In someone who is red-green colorblind—the most common type of colorblindness, according to the National Eye Institute—it is difficult to tell the difference between red and green. Depending on the type of red-green colorblindness, green might look more like red; or red might look more like green; or you might be unable to tell the difference between two colors, seeing them both in shades of grey.
Are Dogs Color Blind?
Several studies have explored how dogs perceive color—or whether dogs can see color at all—and determined that our four-legged companions have two sets of cones that allow them to see colors on the blue and yellow spectrums but not colors on the red or green spectrum. Research confirms that dogs are red-green colorblind.

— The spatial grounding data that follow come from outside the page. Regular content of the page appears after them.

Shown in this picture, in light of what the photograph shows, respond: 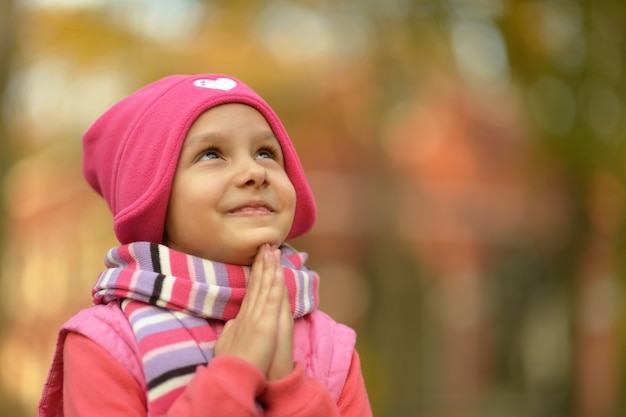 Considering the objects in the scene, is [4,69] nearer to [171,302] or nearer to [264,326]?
[171,302]

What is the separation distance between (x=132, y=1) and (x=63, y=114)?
4.64 feet

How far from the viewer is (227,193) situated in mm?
2076

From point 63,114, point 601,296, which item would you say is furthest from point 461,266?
point 63,114

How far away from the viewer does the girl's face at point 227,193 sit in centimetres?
207

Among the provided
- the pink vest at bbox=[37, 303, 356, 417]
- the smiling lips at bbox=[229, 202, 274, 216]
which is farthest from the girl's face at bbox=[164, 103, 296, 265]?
the pink vest at bbox=[37, 303, 356, 417]

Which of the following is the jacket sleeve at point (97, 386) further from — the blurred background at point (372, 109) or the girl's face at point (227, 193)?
the blurred background at point (372, 109)

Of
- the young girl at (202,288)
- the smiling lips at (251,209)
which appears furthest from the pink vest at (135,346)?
the smiling lips at (251,209)

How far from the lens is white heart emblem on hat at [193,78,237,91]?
2184mm

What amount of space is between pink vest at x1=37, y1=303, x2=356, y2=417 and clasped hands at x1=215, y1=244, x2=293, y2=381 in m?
0.16

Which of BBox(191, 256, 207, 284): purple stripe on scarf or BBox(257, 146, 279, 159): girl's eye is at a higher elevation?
BBox(257, 146, 279, 159): girl's eye

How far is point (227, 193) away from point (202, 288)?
22 cm

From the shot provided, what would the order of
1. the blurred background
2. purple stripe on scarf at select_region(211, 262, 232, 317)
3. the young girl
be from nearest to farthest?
the young girl
purple stripe on scarf at select_region(211, 262, 232, 317)
the blurred background

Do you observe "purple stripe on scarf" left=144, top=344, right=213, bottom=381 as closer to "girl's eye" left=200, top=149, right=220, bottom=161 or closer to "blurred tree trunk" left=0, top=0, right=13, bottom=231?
"girl's eye" left=200, top=149, right=220, bottom=161

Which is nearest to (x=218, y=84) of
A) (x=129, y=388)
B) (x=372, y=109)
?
(x=129, y=388) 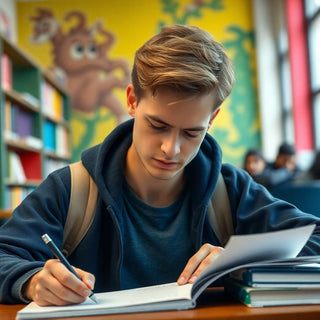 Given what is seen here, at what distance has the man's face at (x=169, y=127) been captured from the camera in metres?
1.11

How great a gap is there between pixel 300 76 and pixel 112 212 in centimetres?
563

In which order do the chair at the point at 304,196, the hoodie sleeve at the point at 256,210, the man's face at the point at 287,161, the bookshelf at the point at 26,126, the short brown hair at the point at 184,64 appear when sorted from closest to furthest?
the short brown hair at the point at 184,64 < the hoodie sleeve at the point at 256,210 < the chair at the point at 304,196 < the bookshelf at the point at 26,126 < the man's face at the point at 287,161

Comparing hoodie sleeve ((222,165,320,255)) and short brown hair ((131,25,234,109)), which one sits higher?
short brown hair ((131,25,234,109))

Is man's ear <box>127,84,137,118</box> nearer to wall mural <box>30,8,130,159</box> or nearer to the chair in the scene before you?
the chair

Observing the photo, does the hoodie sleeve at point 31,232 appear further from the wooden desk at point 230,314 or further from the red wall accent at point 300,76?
the red wall accent at point 300,76

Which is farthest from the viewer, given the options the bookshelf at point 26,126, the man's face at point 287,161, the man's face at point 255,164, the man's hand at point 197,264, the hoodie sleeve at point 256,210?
the man's face at point 255,164

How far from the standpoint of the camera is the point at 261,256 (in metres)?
0.88

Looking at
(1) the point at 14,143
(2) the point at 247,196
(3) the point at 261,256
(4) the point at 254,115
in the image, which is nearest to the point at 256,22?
(4) the point at 254,115

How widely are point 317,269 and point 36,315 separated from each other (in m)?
0.44

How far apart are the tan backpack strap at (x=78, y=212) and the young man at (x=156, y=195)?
0.01 metres

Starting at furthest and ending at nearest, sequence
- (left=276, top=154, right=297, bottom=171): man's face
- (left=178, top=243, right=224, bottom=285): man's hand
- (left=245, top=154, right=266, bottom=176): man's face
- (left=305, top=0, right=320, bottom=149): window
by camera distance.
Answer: (left=305, top=0, right=320, bottom=149): window → (left=245, top=154, right=266, bottom=176): man's face → (left=276, top=154, right=297, bottom=171): man's face → (left=178, top=243, right=224, bottom=285): man's hand

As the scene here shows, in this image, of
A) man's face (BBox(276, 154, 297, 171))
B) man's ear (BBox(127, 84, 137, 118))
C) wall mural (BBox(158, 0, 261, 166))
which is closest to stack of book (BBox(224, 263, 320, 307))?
man's ear (BBox(127, 84, 137, 118))

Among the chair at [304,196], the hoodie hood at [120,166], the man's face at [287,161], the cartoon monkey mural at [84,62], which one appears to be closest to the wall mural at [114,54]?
the cartoon monkey mural at [84,62]

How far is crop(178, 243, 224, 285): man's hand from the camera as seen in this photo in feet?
3.10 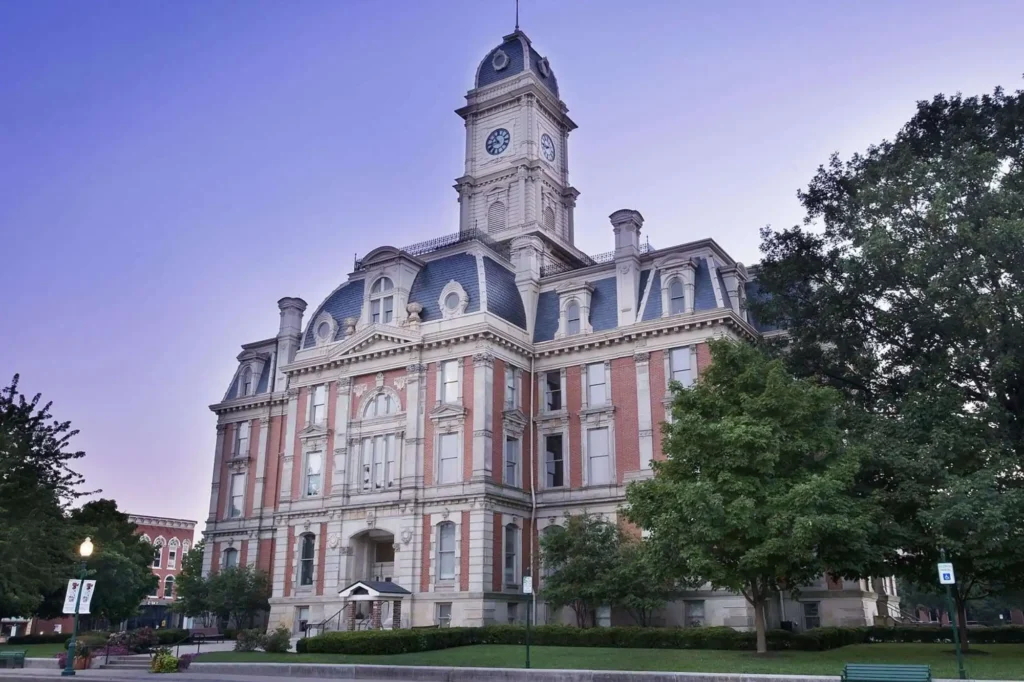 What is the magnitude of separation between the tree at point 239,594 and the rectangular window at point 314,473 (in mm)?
6653

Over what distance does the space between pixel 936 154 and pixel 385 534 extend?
101ft

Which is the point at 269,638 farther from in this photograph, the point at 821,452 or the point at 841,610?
the point at 841,610

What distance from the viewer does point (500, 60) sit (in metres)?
62.8

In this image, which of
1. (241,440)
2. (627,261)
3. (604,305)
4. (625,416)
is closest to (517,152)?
(627,261)

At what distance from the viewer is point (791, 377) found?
3253 centimetres

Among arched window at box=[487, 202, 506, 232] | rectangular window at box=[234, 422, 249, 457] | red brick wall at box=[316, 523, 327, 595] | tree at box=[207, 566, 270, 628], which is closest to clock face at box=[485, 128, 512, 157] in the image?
arched window at box=[487, 202, 506, 232]

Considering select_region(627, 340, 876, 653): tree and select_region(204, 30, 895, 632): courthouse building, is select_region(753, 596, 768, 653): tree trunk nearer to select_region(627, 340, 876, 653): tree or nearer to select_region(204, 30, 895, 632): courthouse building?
select_region(627, 340, 876, 653): tree

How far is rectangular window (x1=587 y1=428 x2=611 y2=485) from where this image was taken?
44594 mm

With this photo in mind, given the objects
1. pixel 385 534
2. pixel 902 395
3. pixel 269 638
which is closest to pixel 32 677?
pixel 269 638

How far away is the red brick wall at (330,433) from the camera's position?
48094 millimetres

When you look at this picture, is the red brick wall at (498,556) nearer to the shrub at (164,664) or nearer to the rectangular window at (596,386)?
the rectangular window at (596,386)

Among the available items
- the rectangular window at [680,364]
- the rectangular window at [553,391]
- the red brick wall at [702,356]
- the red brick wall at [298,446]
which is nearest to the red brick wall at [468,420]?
the rectangular window at [553,391]

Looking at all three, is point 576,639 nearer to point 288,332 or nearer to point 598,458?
point 598,458

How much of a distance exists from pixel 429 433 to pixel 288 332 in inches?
673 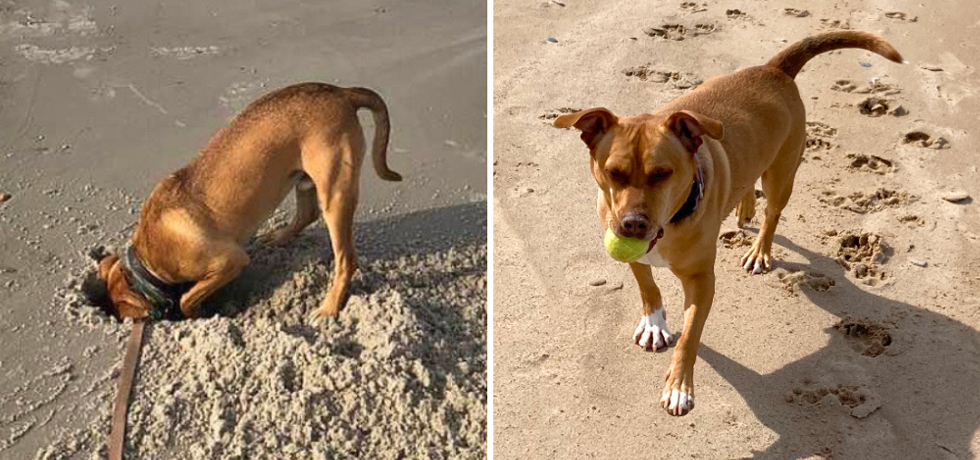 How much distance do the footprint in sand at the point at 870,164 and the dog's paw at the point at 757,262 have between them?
39.9 inches

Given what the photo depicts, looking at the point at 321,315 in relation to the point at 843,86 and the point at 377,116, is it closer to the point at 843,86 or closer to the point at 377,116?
the point at 377,116

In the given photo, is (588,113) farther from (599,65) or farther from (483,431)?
(599,65)

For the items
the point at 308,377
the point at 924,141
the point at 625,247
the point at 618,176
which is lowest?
the point at 308,377

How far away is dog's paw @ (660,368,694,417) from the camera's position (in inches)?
154

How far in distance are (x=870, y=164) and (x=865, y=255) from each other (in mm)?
814

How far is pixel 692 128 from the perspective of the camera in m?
3.53

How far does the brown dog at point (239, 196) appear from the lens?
193 inches

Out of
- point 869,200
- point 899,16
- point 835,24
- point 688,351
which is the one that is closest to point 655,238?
point 688,351

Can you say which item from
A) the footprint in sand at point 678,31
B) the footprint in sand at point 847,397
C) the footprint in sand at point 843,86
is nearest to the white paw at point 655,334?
the footprint in sand at point 847,397

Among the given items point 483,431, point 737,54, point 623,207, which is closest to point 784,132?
point 623,207

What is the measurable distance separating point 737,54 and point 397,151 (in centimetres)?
227

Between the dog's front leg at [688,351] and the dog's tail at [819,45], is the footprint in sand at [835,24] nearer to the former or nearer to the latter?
the dog's tail at [819,45]

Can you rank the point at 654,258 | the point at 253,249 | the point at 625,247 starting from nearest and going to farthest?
1. the point at 625,247
2. the point at 654,258
3. the point at 253,249

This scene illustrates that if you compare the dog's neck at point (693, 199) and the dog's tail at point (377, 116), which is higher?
the dog's neck at point (693, 199)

In one study, dogs were shown an animated silhouette of a black cat moving across a white screen and later shown several silhouettes of different shades of red cats on green backgrounds. The results showed that dogs were able to see the black cats but had low-to-no responses to the red cats on green backgrounds, leading researchers to declare that dogs experience red-green colorblindness (1).
“We can’t ask them or get inside their brain to see what they see, which makes it a little tricky,” Conway says. “But looking at their retinas through [the microscope], we think that colors on the red-green spectrum appear as shades of grey or brown.”
Do Dogs See in Black and White?
It’s a long-held (and inaccurate) belief that dogs don’t see color. Dogs see colors on the blue to violet and yellow spectrums as well as black, white, and grey. So dogs don’t just see in black and white. Their vision allows them to see other tones and varieties—just not as many as humans.
“Dogs are better able to discriminate between shades of grey,” Townsend says. “The advantage [to seeing multiple shades of grey] is that dogs can break camouflage and find things that are hiding.”
What Colors Do Dogs See?
Now that you know dogs can see a range of colors and that they don’t just experience the world in black and white, let’s take a deeper dive into some specific colors and explain if and how dogs see them.
Can Dogs See Red?
Dogs do not see red. When a toy is pure red, it will appear grey to dogs. However, if red objects have yellow or bluish undertones, dogs will see them as muted versions of that color, Townsend notes.
Can Dogs See Orange and Pink?
Because orange and pink are on the red color spectrum, dogs cannot see these colors.
Can Dogs See Green?
Dogs are red-green color blind and cannot see green. Similar to their perception of red, objects that are pure green will appear grey to dogs. If those items have undertones of yellow or blue, which dogs can see, the object may appear as a muted tone.
Can Dogs See Blue?
The cones in a dog’s eyes are set up to allow dogs to see the color blue. Dogs can see all shades of blue.
Can Dogs See Yellow?
Just like blue, dogs can see all shades of yellow.
Are There Calming Colors for Dogs?
There is no evidence that dogs prefer certain colors or that shades of one color are more calming than another, says Conway.
A green ball sitting in a patch of grass might be harder to see while a yellow ball in the same patch of grass stands out—but as long as there is a ball to play with, most dogs will be happy with either color.
Conway notes that her dog favors a squeaky green pickle wearing a red Santa hat and seems unconcerned that it appears as shades of grey.
“There are not a lot of reasons for dogs to have to distinguish between different colors,” Townsend adds. “There don’t appear to be any disadvantages to dogs from being red-green colorblind.”